# Goal of the exercise
Once the lines below holding the string "Building" are counted, give that number alone.

Short web captions:

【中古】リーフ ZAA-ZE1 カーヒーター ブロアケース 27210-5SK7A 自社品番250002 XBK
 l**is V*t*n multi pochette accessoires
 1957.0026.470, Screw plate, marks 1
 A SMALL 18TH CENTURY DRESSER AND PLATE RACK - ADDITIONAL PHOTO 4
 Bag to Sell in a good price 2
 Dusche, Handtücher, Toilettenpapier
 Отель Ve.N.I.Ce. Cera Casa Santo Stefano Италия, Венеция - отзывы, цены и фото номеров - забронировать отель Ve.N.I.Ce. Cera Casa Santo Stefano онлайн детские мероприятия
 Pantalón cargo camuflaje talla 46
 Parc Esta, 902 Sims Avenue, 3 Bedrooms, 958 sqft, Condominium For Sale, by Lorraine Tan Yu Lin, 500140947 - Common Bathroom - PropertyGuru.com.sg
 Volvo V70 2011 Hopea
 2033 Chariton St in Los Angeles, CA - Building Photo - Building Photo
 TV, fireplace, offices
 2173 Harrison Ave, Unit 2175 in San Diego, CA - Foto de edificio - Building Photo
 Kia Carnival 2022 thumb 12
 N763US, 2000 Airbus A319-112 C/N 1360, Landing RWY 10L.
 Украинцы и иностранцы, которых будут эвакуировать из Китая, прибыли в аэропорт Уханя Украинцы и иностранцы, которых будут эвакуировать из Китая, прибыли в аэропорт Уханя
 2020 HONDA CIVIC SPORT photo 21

# Result of this task
2